### Your instructions:
The range to repeat runs from the line with "A man checks" to the last line below, both ends included; give it exactly and without pictures.

### Provided records:
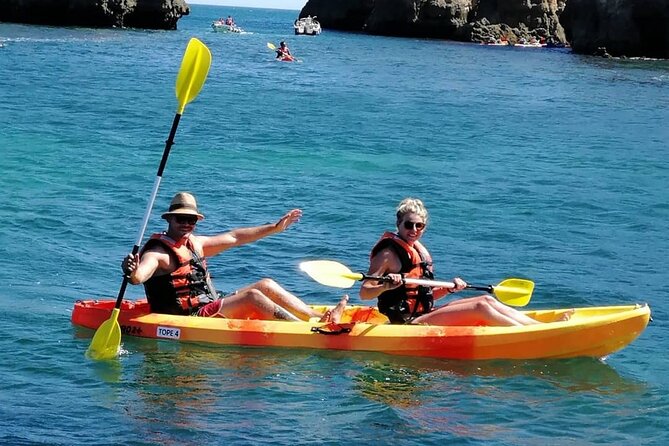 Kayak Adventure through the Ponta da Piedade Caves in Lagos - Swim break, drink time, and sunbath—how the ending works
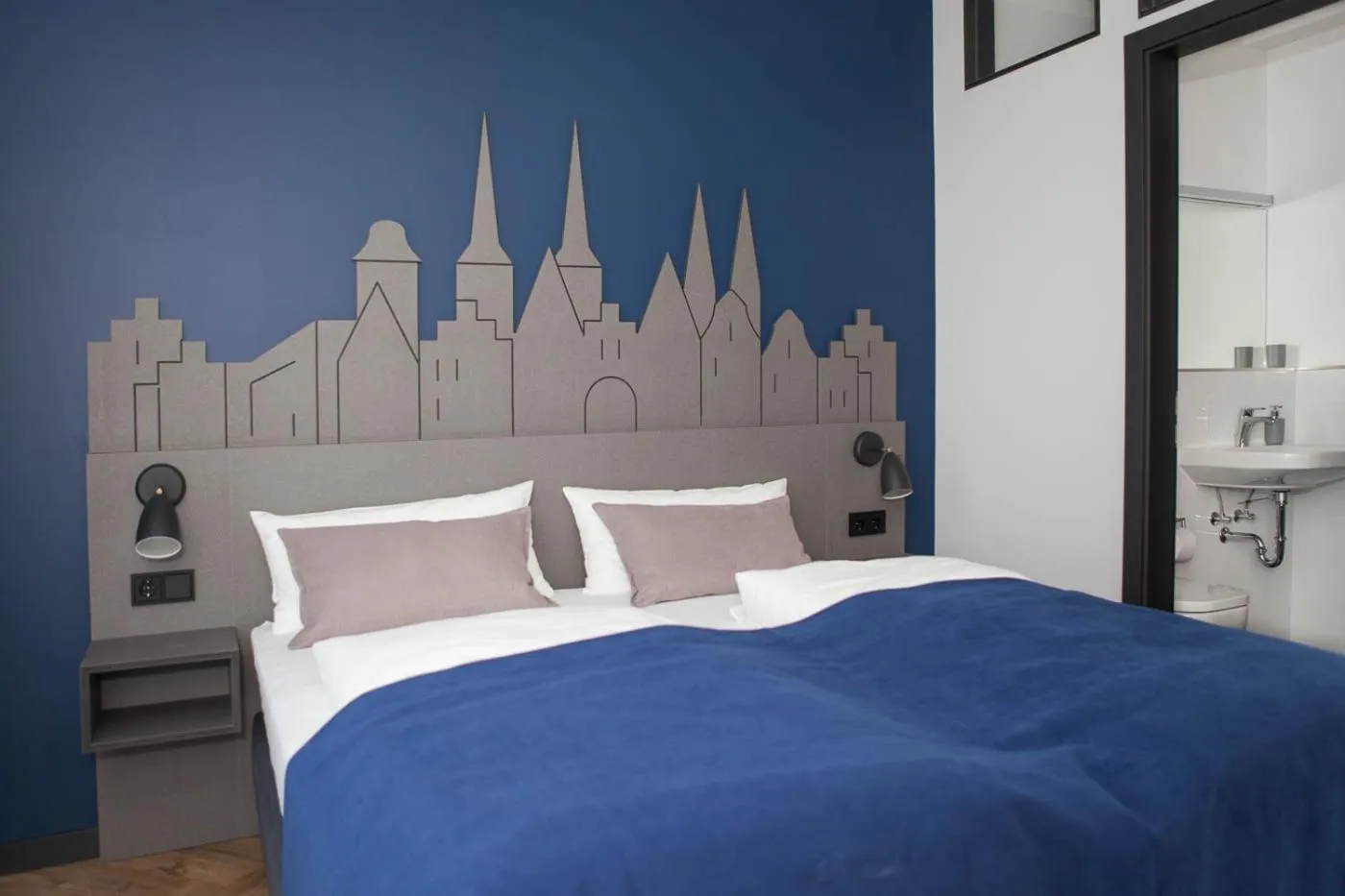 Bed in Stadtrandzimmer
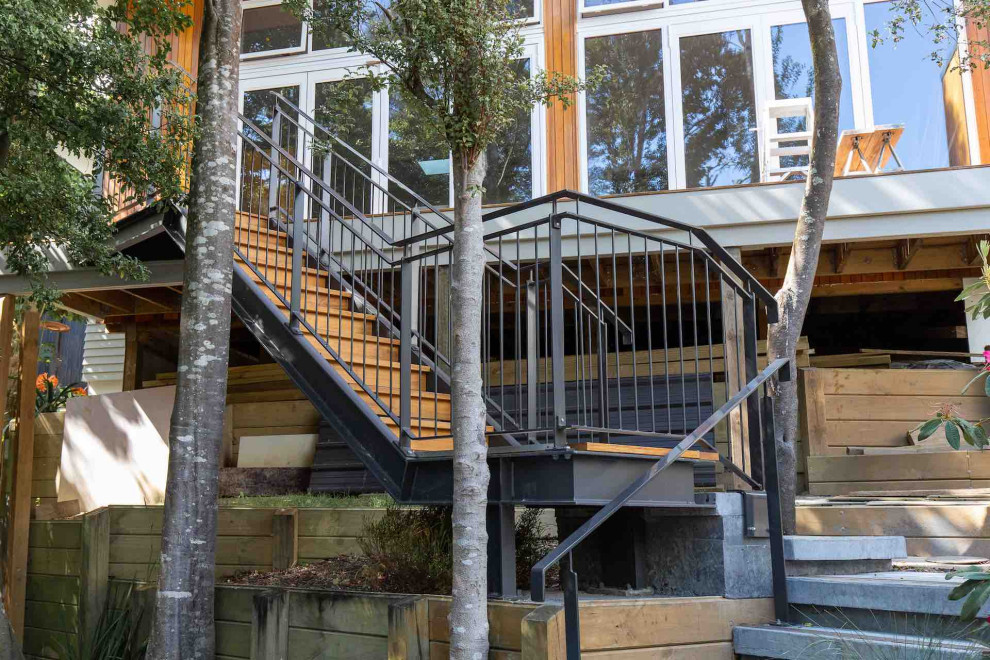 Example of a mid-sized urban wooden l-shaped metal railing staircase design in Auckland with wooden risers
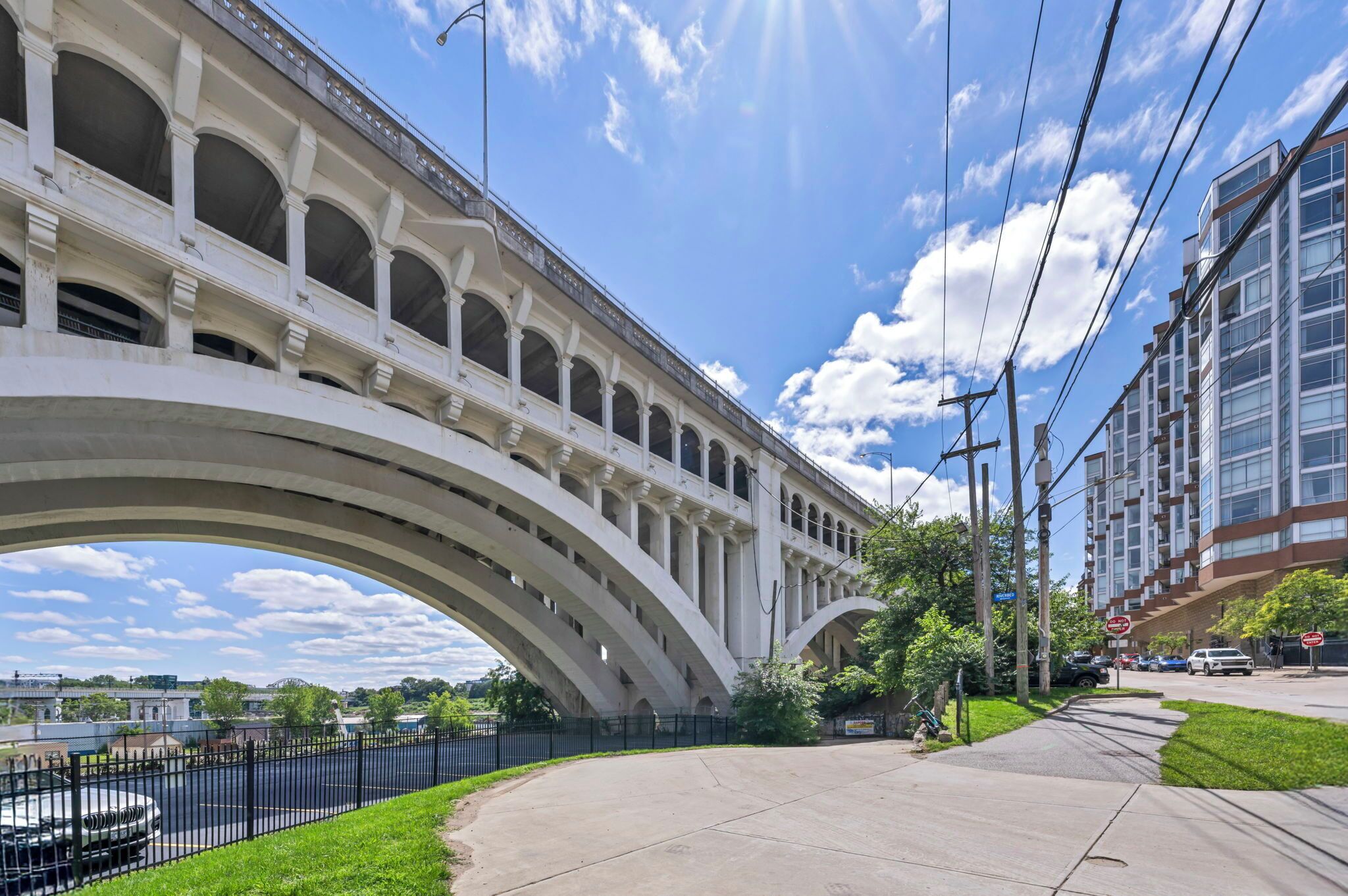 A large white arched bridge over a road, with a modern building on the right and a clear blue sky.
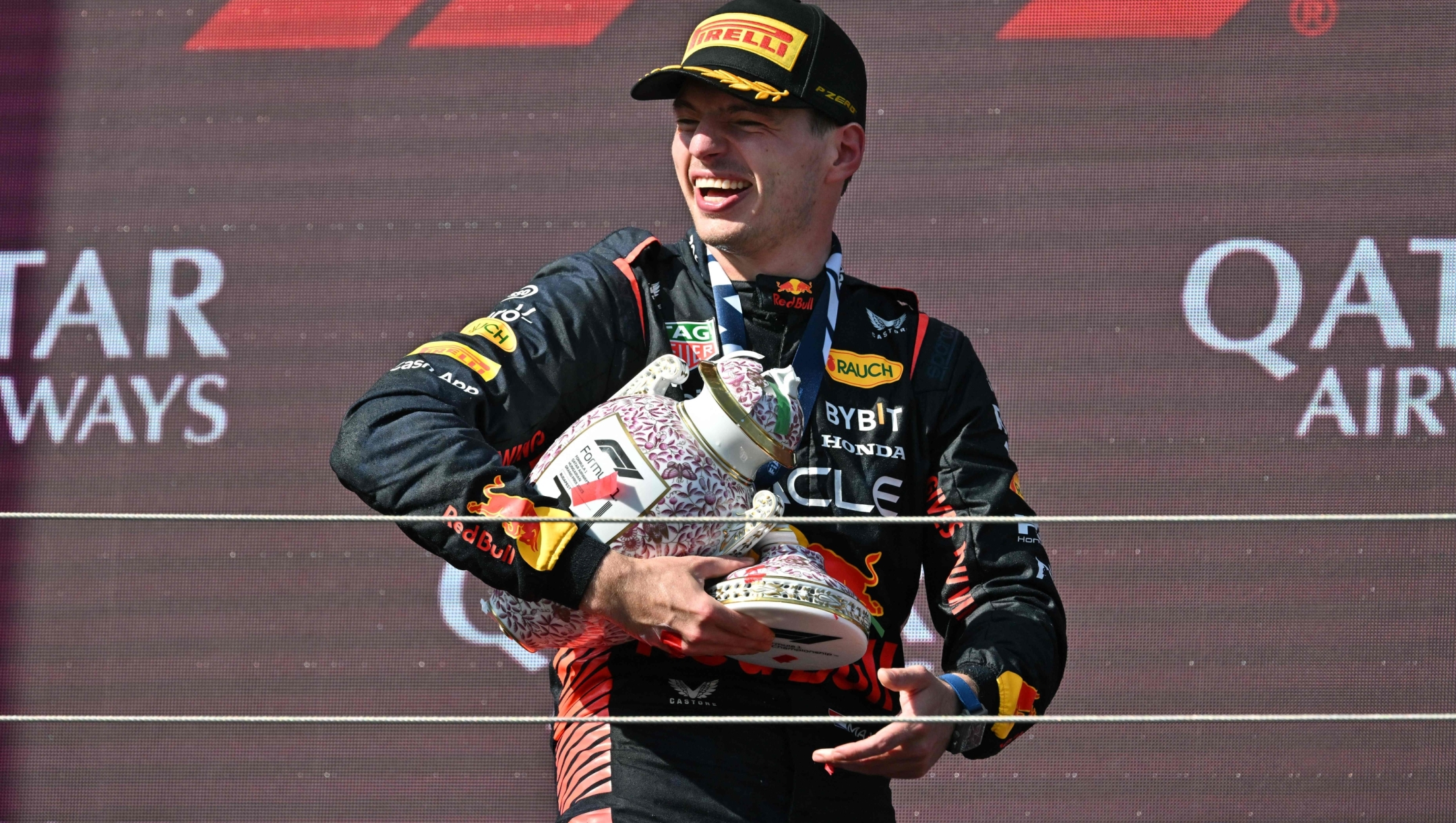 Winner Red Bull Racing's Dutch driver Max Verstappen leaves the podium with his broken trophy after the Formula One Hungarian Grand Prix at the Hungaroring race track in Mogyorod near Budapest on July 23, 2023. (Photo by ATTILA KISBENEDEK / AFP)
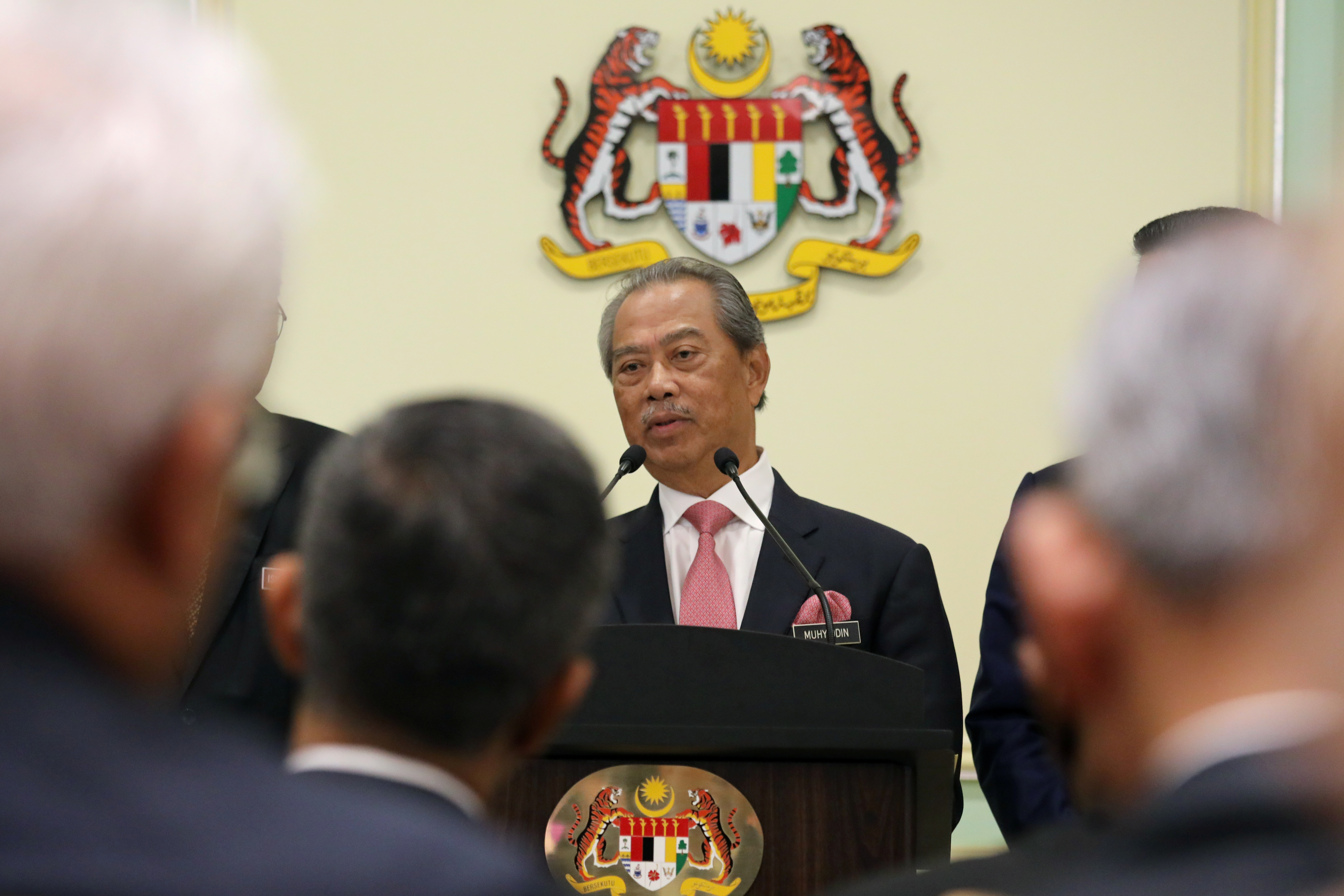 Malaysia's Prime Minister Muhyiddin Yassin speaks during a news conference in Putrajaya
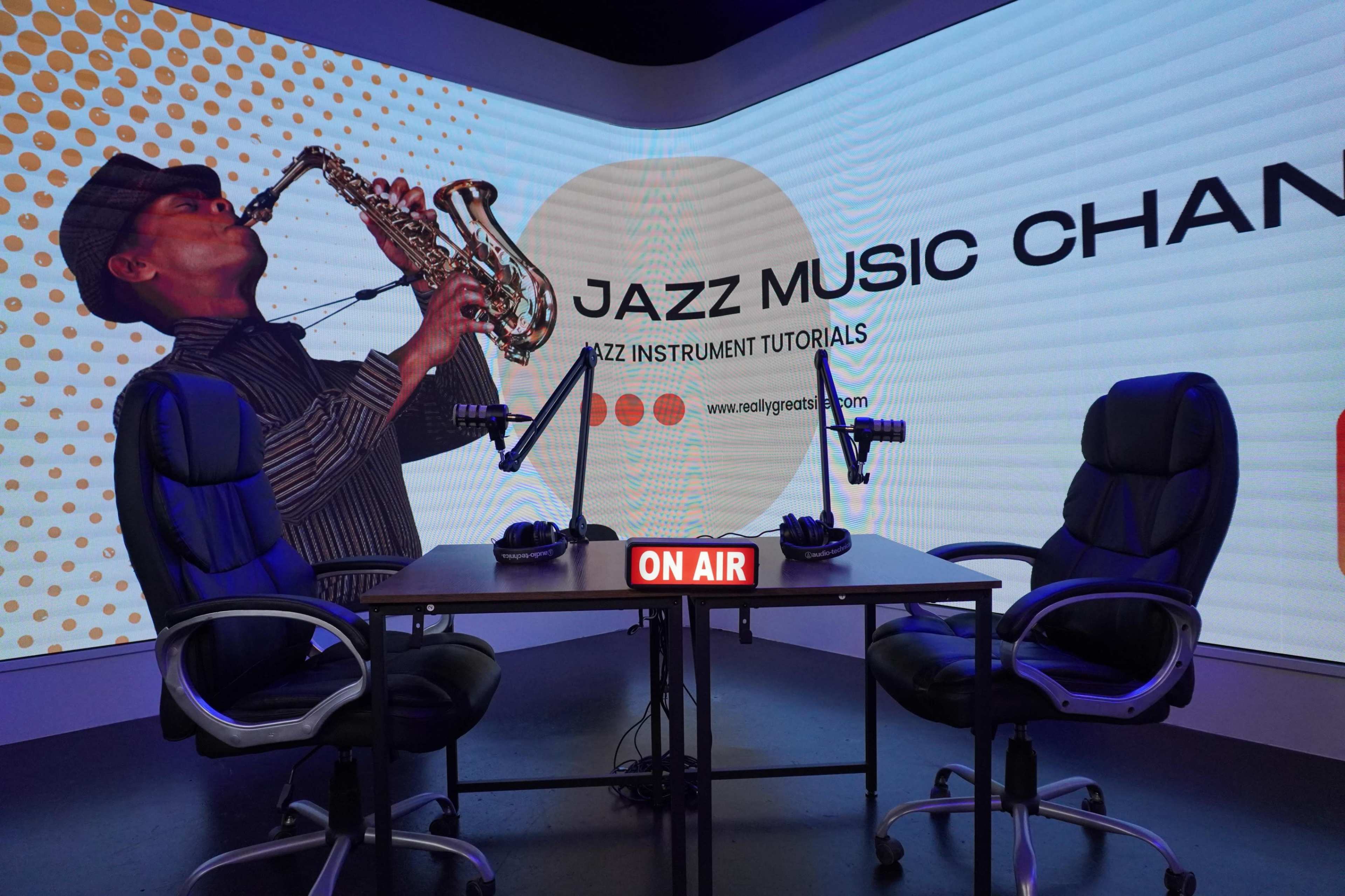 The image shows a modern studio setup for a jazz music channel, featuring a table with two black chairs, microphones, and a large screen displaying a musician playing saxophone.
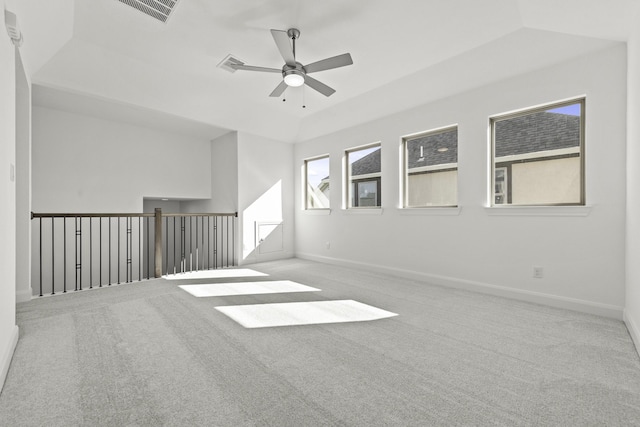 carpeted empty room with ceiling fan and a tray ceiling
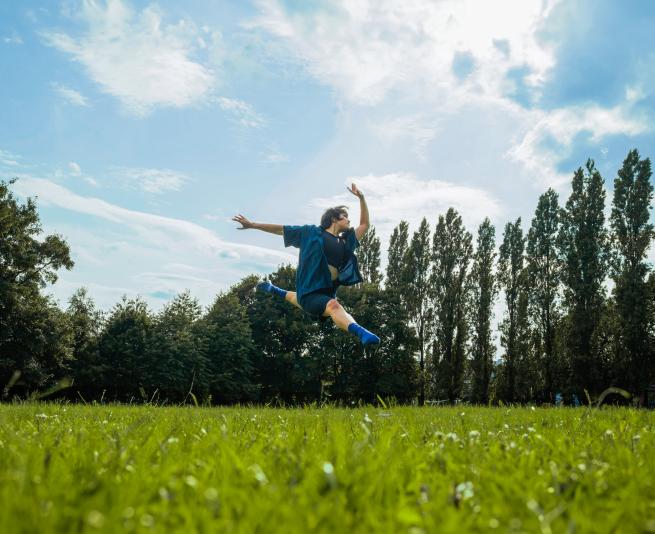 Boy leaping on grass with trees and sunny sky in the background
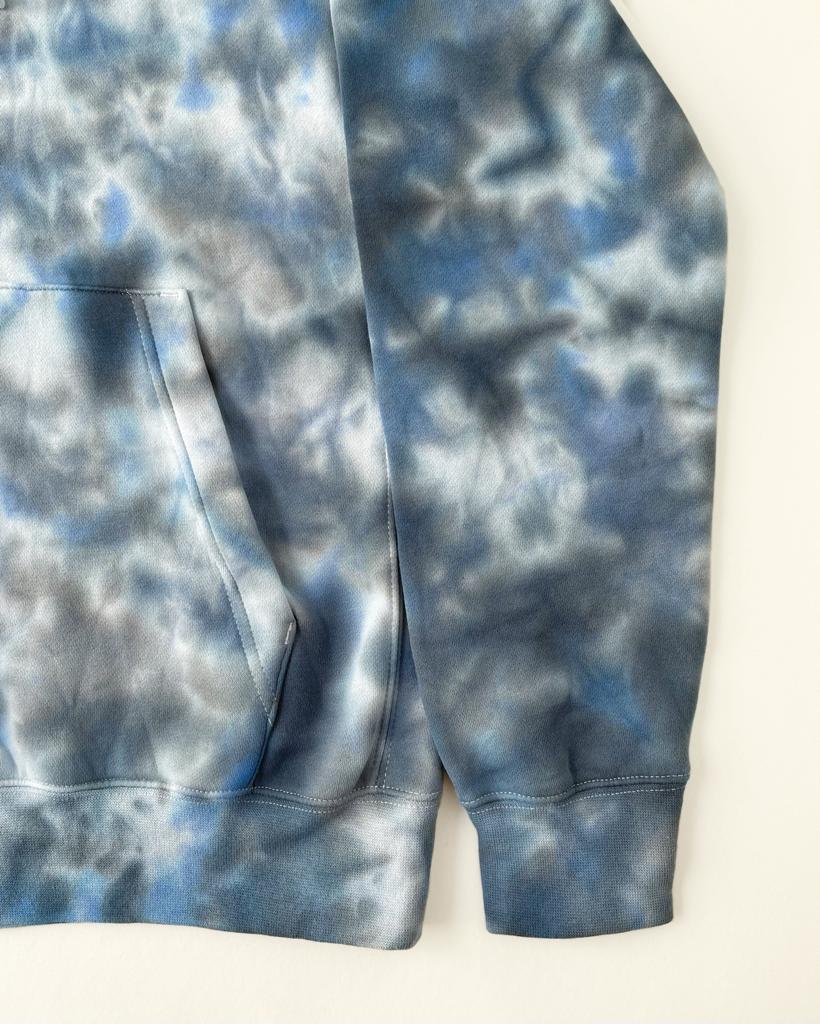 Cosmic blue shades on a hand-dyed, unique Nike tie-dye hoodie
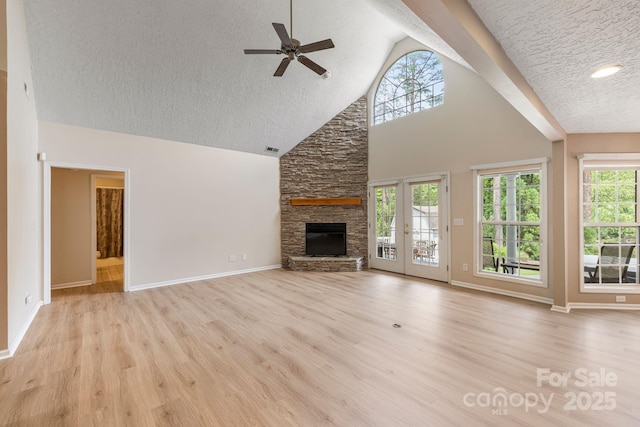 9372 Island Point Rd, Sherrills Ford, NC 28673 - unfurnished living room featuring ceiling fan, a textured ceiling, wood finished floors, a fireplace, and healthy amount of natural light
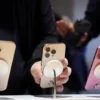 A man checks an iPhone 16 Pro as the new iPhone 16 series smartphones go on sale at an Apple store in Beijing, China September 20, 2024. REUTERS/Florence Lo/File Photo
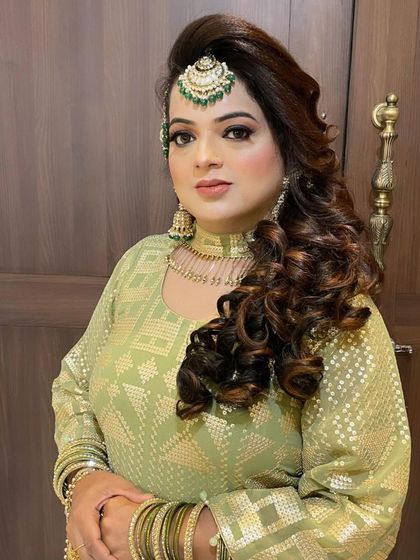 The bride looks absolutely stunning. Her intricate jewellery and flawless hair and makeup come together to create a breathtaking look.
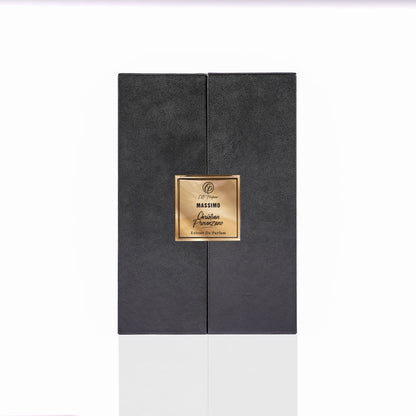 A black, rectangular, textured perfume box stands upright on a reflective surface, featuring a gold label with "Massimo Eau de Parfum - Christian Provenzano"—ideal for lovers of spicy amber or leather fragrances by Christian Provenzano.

### Answer for this exercise:
 A man checks an iPhone 16 Pro as the new iPhone 16 series smartphones go on sale at an Apple store in Beijing, China September 20, 2024. REUTERS/Florence Lo/File Photo
 The bride looks absolutely stunning. Her intricate jewellery and flawless hair and makeup come together to create a breathtaking look.
 A black, rectangular, textured perfume box stands upright on a reflective surface, featuring a gold label with "Massimo Eau de Parfum - Christian Provenzano"—ideal for lovers of spicy amber or leather fragrances by Christian Provenzano.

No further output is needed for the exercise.